Waste technology company AnaeCo illustrated the dilutive effect of convertible bond issues last week.

Its major backer and director, Ian Campbell, lifted his stake in the company to 25.1 per cent after converting $2.18 million of loan notes, and a $500,000 loan establishment fee, into ordinary equity. The upside for AnaeCo is that the company will not have to pay interest on the notes – set at 12 per cent of drawn funds.

The loan-for-equity conversion was the second time AnaeCo shareholders have been diluted in the past month.

Engineering contractor Monadelphous was awarded 44 million shares as payment for $2 million worth of work on AnaeCo’s innovative waste treatment plant at Shenton Park.

That was equal to 9.9 per cent of the issued capital at the time; it is now equivalent to 8.9 per cent.

Gresham Advisory Partners managing director Justin Mannolini said in his experience there was not a particularly good level of understanding among boards regarding the true cost of convertible bonds and notes.

“Boards frequently fail to properly evaluate the ‘option’ element inherent in a convertible bond or note, and focus exclusively on the conversion price (premium to market) and/or coupon,” he said.

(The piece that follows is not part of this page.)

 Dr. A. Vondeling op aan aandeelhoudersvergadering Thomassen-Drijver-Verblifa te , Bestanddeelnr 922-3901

“The coupon in particular can be a relatively small contributor to the overall cost of capital under a convertible instrument relative to the conversion terms and other rights.”

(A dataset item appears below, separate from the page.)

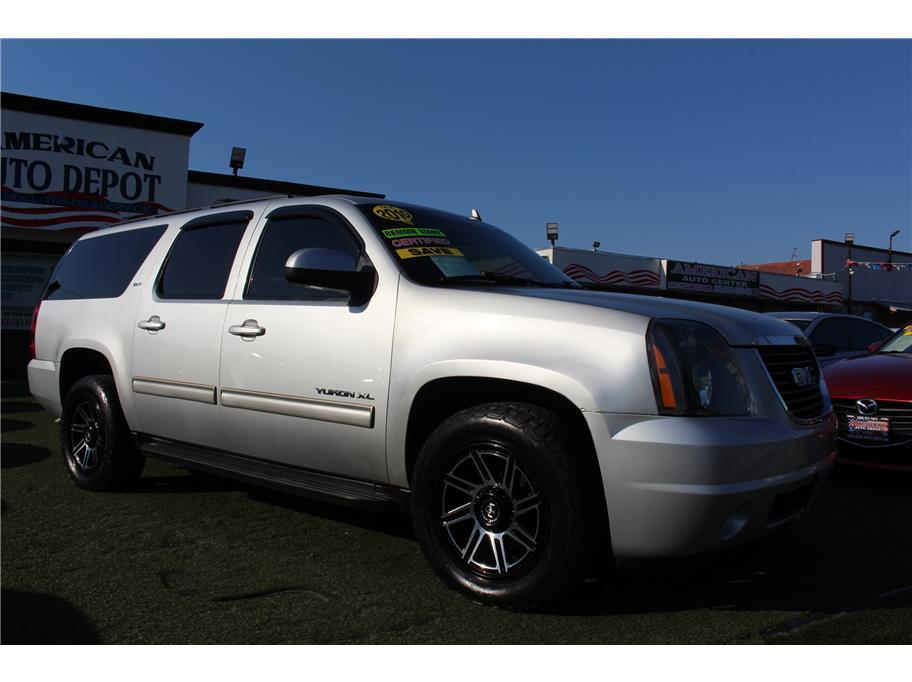 2010 GMC Yukon XL 1500 from Merced Auto World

RM Corporate Finance director Guy Le Page, who is advising Ram Resources, described convertible notes as an interim funding facility.

Ram is planning to issue $600,000 of convertible notes with an unusually low interest rate of 4 per cent; the upside for investors is that the conversion price will be the lower of 0.2 cents or 85 per cent of the market price.

In some cases, interim financing becomes a long-term outcome.

In November 2008, Bannerman Resources announced a $10 million convertible note facility as ‘interim financing’.

In December last year, it refinanced most of the notes with a new, two-year $8 million convertible note.

Mr Mannolini said terms and practice varied widely, depending on market conditions, the objectives of the issuer, and their financial condition and prospects.

“In short, there is little standardisation and hence it is difficult to compare different instruments,” he said.

Recent issuers include Redbank Copper, which is negotiating a complex restructuring with Balcatta investment group Investmet.

As the restructure has been delayed, Redbank has agreed to issue up to $1.5 million of convertible loan notes to Investmet. The notes have a 10 per cent coupon and expire at the end of the year.

Carbon Conscious is planning to issue up to $2 million of convertible notes, with the same coupon rate of 10 per cent per annum.

In addition it will pay a commitment fee of 5 per cent per annum on any undrawn notes.

Like Ram, investors in these notes will also benefit from generous conversion terms – the lower of 20 cents per share or 90 per cent of the market price.